Problem description:
A verbatim copy of all the data is required, minus any images.

Supplied information:
== == ==

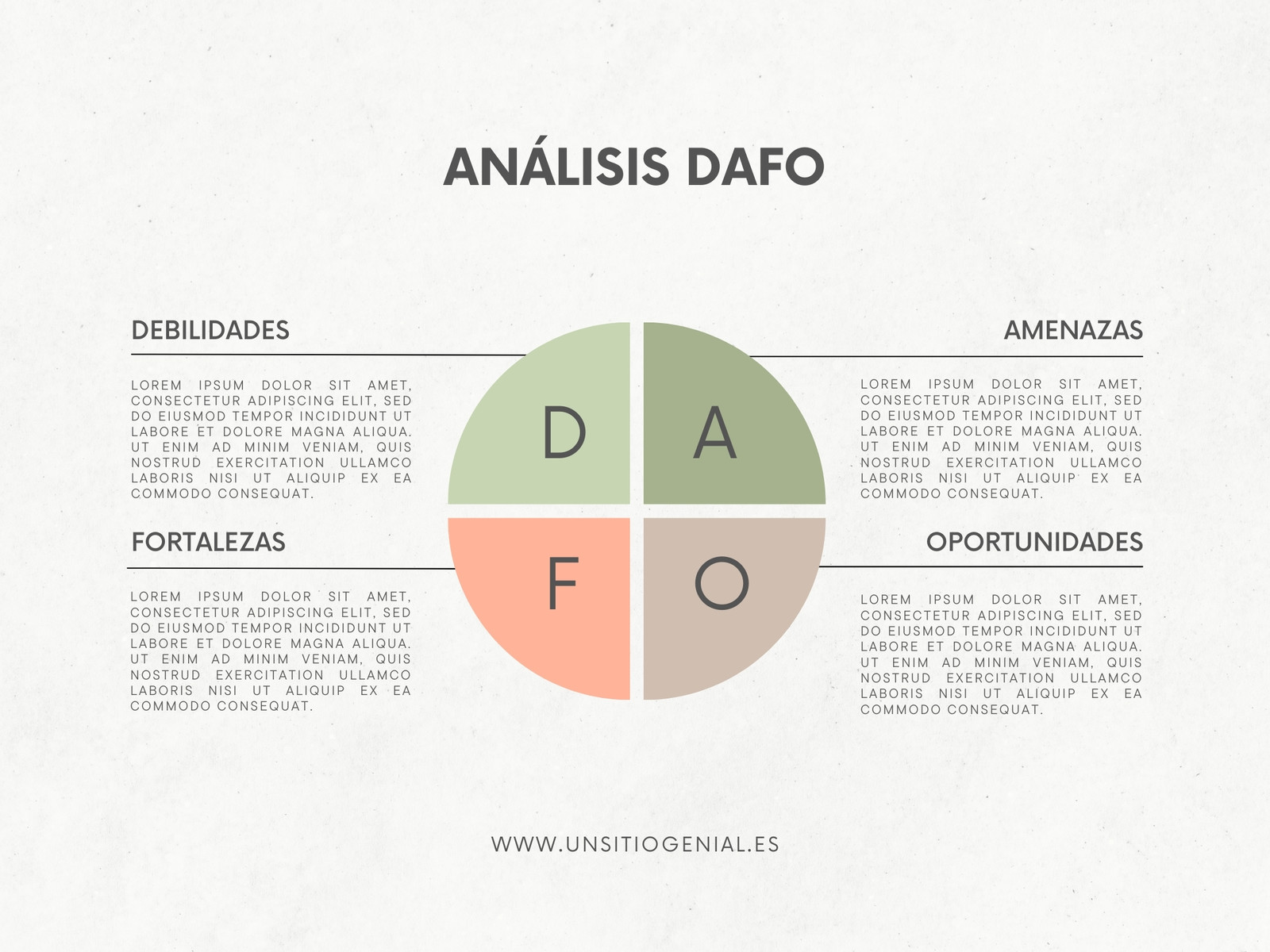 Gráfico Análisis Dafo Empresa Minimalista Verde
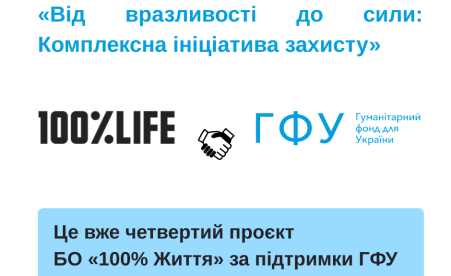 Проєкт комплексної підтримки вразливих груп населення розпочато на Сумщині та Харківщині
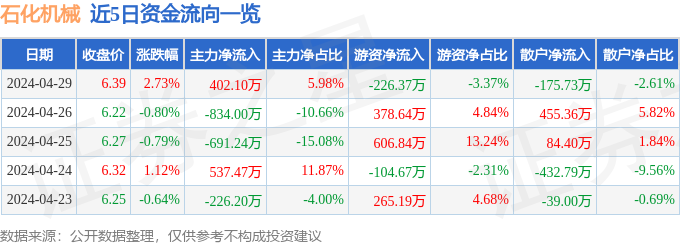 尊龙凯时：股票行情快报：石化机械（000852）4月29日主力资金净买入4021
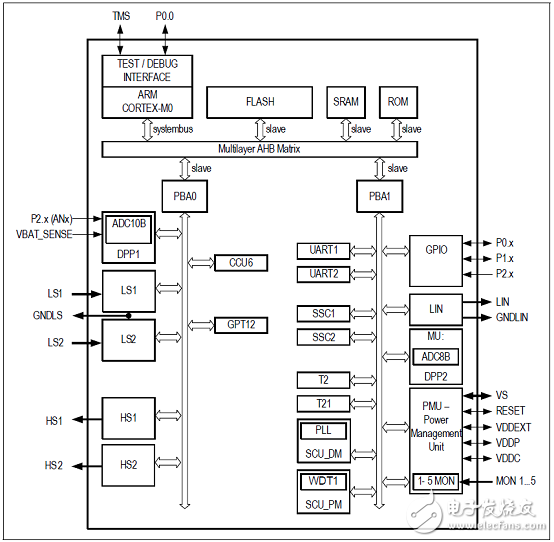 詳解Infineon公司的TLE9844-2QX的原理及設(shè)計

== == ==

Response box:
 Gráfico Análisis Dafo Empresa Minimalista Verde
 Проєкт комплексної підтримки вразливих груп населення розпочато на Сумщині та Харківщині
 尊龙凯时：股票行情快报：石化机械（000852）4月29日主力资金净买入4021
 詳解Infineon公司的TLE9844-2QX的原理及設(shè)計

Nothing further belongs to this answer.